L'ornementation végétale a eu sa période de renaissance au début du XXe siècle avec la fulgurance de l'Art nouveau dont les formes découlent directement de l'étude et de la réinterprétation de la flore. En façade ou dans le décor intérieur, les productions sont nombreuses et recouvrent tous les supports : serrurerie, papiers peints, mobilier ou vitraux. Les architectes et les décorateurs, tels Ruprich-Robert ou Sullivan, étudient la nature et la croissance des végétaux pour en déduire des systèmes de composition architecturale et décorative. La stylisation progressive a conduit à un ultime chant du cygne dans les années 20 avec le style Art déco qui n'emploie les motifs végétaux que de manière ponctuelle et allusive.

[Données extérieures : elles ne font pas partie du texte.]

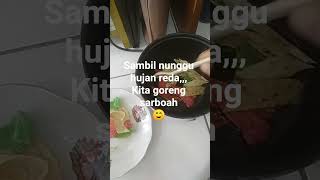 Download lagu @ngagoreng mp3 Download lagu @ngagoreng mp3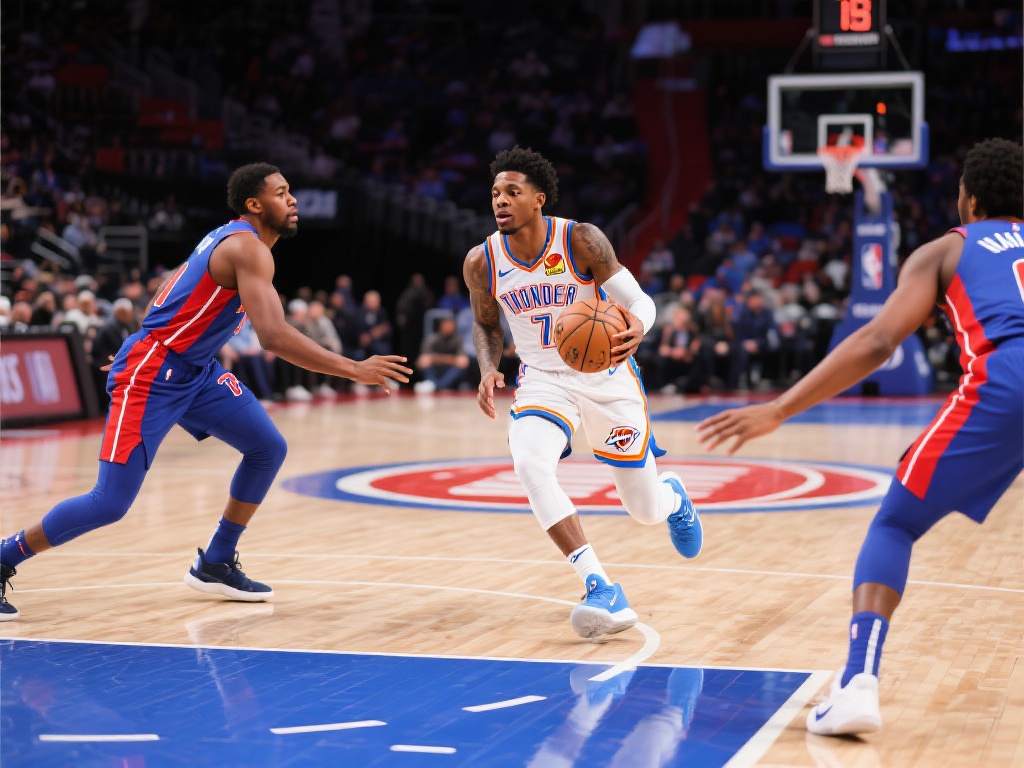 制他的发挥 制他的发挥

La présence artificielle du végétal ne saurait être la panacée. Les jardins d'hiver, déjà présents par ailleurs dans nombre d'hôtels particuliers, sont un thème de prédilection pour les architectes. Sur un paquebot, dans une maison bioclimatique ou au cœur d'un bâtiment de logements collectifs, les patios apportent une touche naturelle et fraîche.

Le jardin d'hiver s'autonomise jusqu'à engendrer des architectures à part entière sous la forme des serres. Des plus gigantesques comme le Crystal Palace aux plus modestes en passant par les édifices horticoles, la création de serres est abondante dans les exercices produits par les élèves architectes aux Beaux-arts.

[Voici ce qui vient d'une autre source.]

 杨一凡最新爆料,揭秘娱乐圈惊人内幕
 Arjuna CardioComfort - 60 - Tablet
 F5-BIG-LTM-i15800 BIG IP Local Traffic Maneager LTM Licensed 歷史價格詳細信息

Sous l'impulsion des Modernes, se développe la terrasse plantée ou terrasse-jardin, un des « prolongements du logis » chers à Le Corbusier dans La Ville Radieuse en 1935. Le thème de la terrasse directement liée à l'appartement ne fera que se développer jusque dans les exemples contemporains des habitations-jardins d'Andrault et Parat.



Le mythe de l'hôtel particulier entre cour et jardin ne perd pas de sa résonnance au cours du XXe siècle. Depuis les derniers hôtels particuliers réalisés dans l'Entre-deux-guerres par André Lurçat, Pierre Barbe, Charles Moreux ou Albert Laprade, le besoin du jardin comme démarcation entre la rue et l'immeuble ou comme accompagnement de l'habitation reste prégnant. Tout habitant veut que son logement ouvre sur un espace extérieur privé, propre à flatter son ego (jardin reflet de l'habitation) ou à subvenir à sa subsistance (jardin potager des maisons ouvrières).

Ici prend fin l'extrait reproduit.